Pakistan Bureau of Statistics (PBS) on Monday released the latest inflation figures. The figures revealed that inflation based on Consumer Price Indicator (CPI) has recorded at 8.55 percent in August 2013 as compare to same month of last year. The constant increase in inflation may pave way for State Bank of Pakistan (SBP) to increase the discount rate in the upcoming monetary policy.
Sources said the IMF had asked the government to increase the discount rate - the minimum rate at which the central bank lends money to the commercial banks - by 100 basis points to 10pc. In its last meeting, the SBP had slashed the discount rate by 50 basis points to 9pc while arguing that inflation had been falling. However, sudden rebound in inflation in July (8.3pc) and August (8.5pc) can be used as a basis to increase the interest rates, making IMF’s case stronger to ask for the uptick.
The central bank, which was supposed to announce the monetary policy on 27th August, has delayed the announcement of the policy decision till current month (September 13) to see the inflationary figures of August before making decision.
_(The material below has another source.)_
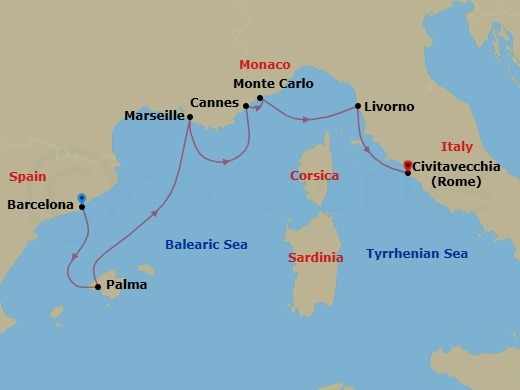 Route map: Barcelona → Palma De Mallorca → Marseille → Cannes → Monte Carlo → Livorno (Florence) → Civitavecchia (Rome)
Sources were of the view that SBP might raise the interest rate by 50 to 100 basic points from current 9 percent after increase in inflation rate.
It is worth mentioning here that Pakistan and IMF reached on consensus for $5.3 billion bailout package, which now increased to $6.6 billion, in first week of July 2013, which would need approval from IMF’s executive board on September 4, 2013. However, according to the agreement, Pakistan would need to take prior actions including tax notices to 25,000 potential tax dodgers and hike discount rates by 1 to 1.5 percent, increase in power tariff and Council of Common Interests (CCI) will ensure economic discipline by provincial governments to generate the surplus of Rs23 billion.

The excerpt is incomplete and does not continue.